For examples of this, look no further than recent policies that had detrimental consequences for HBCUs, such as the change in federal Parent PLUS loans that cost many HBCUs millions of dollars in funding through steep and sudden declines in student enrollment. Many HBCUs must already deal with being persistently and significantly underfunded compared to predominantly white universities in their state, so policy changes that may be financially inconsequential to larger state institutions have far different implications on HBCU campuses. Another more extreme, yet very real, example of the genuine disinterest for HBCUs is the constant efforts of policymakers to simply get rid of HBCUs. In 2014, North Carolina legislators proposed shutting down Elizabeth City State University because it is “small” and “unprofitable,” even though it has consistently been a top performer when it comes to graduation rates among HBCUs across the country (and because that’s what public universities are supposed to be: profitable, right? Insert sarcasm.). Even the new College Scorecard ratings system proposed by the federal government has received criticism from the HBCU community for using metrics that inherently disadvantage these institutions.
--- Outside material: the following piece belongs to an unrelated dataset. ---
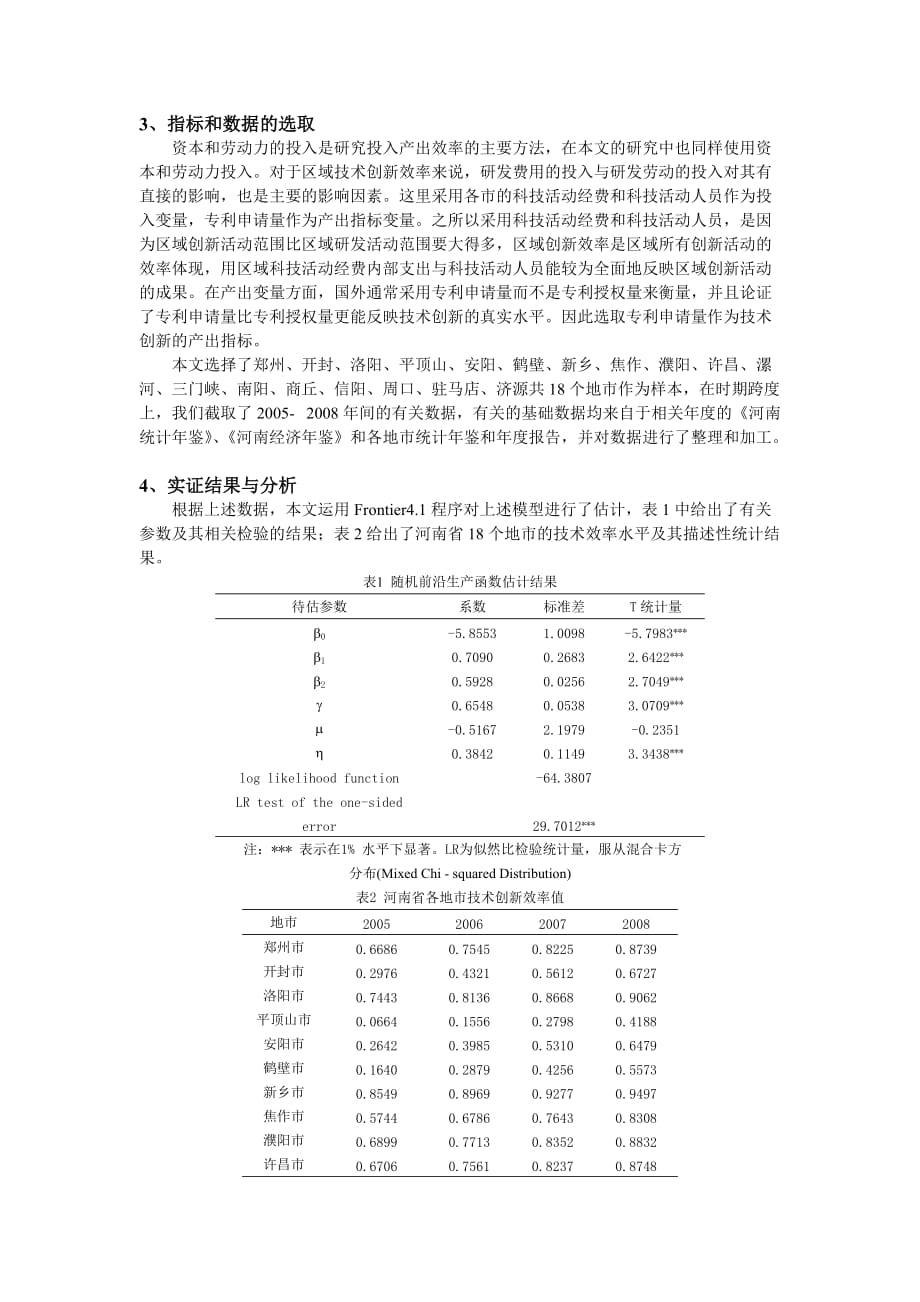 基于SFA模型的河南省技术创新效率的实证研究_第3页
These are just a few examples out of many, but it demonstrates that these attacks on HBCUs are not relics of history. Policymakers continue to regularly demonstrate their apparent disregard for HBCUs and channel their support — both financial and otherwise — to larger, predominantly white flagships despite the accomplishments of HBCUs. So until there is evidence that equitable outcomes are being achieved when it comes to access and success for black students more broadly, and until more students of color are reporting positive experiences with regard to race on predominantly white campuses, HBCUs should and will remain critical support systems for black intellectual development in the U.S. higher education system.